Creo que de los tres poderes del estado de derecho hace ya tiempo que uno, el legislativo, sólo existe nominalmente en España. Las normas electorales, los reglamentos parlamentarios, y la imposición por los partidos de la disciplina de voto han convertido a nuestros supuestos legisladores en meros voceros sumisos del ejecutivo de turno. En España, Obama no habría tenido problema alguno para hacer aprobar su reforma sanitaria. El poder ejecutivo ha fagocitado al legislativo, y no sorprende que desee conseguir lo mismo con el poder judicial, porque son precisamente los jueces los que nos protegen a los ciudadanos, controlando realmente, y no de manera virtual como en el Congreso, al Gobierno y garantizando que su actuación en todo momento se ajuste a la Ley.
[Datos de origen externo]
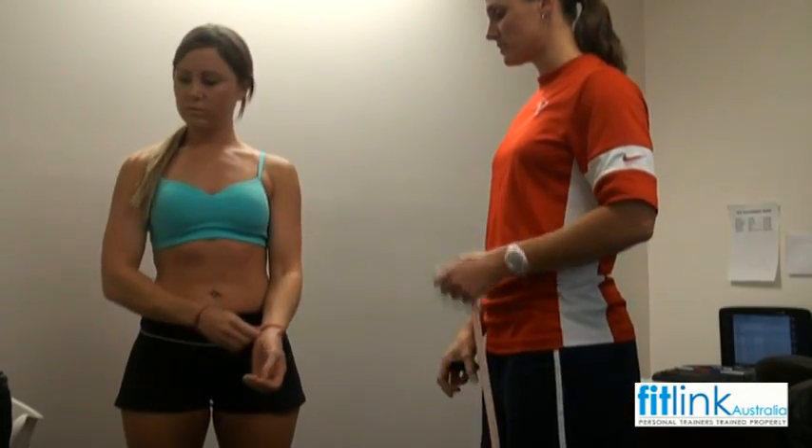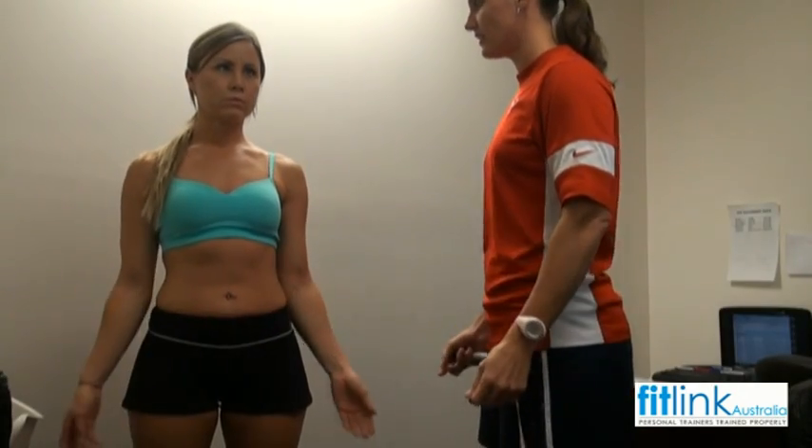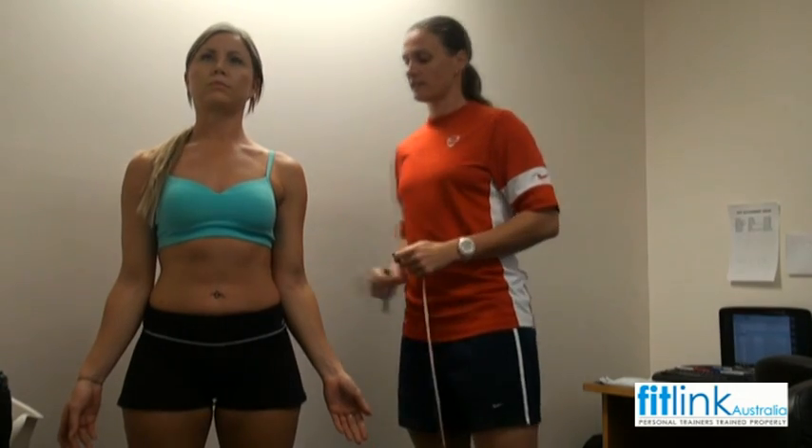So we'll get you in the anatomical position — palms facing out for me. Shoulders back and down.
Y esto les convierte, a los ojos de los gobernantes de cualquier nivel, cuando menos en un elemento incómodo al que conviene someter o condicionar. No es casual ni inocente el que sea la jurisdicción contencioso-administrativa la más atascada y agobiada.

Podemos, y seguramente es ya ineludible e inaplazable, modificar las normas de designación de jueces y de su Consejo General, para que sean ellos los que, sin interferencia de los otros poderes, se organicen. Quizá algún día aparezca un estadista que promueva las reformas legales y asigne los recursos necesarios para que los defectos estructurales y las penurias de la administración de justicia desaparezcan. Pero con todo, si no entendemos e interiorizamos que la separación efectiva de los poderes y la independencia del judicial no es un capricho o una virguería intelectual, sino condición sin la que no existe de verdad un estado de Derecho y una convivencia democrática, nosotros, los ciudadanos, seremos los más perjudicados. No es obligatorio admirar, como yo les admiro, a los jueces. No es necesario renunciar a la crítica ante sus decisiones. Tampoco sería adecuado que el pueblo soberano, a través de sus representantes, no lleve a cabo un control real, proporcionado y democrático de la actividad judicial. Únicamente debemos exigir a todos, y a nosotros mismos, que todo se haga desde el más elemental respeto a los principios y reglas básicas de una democracia. Dejemos a los jueces hacer su trabajo en paz, sin sobresaltos, porque en ello va nuestra libertad.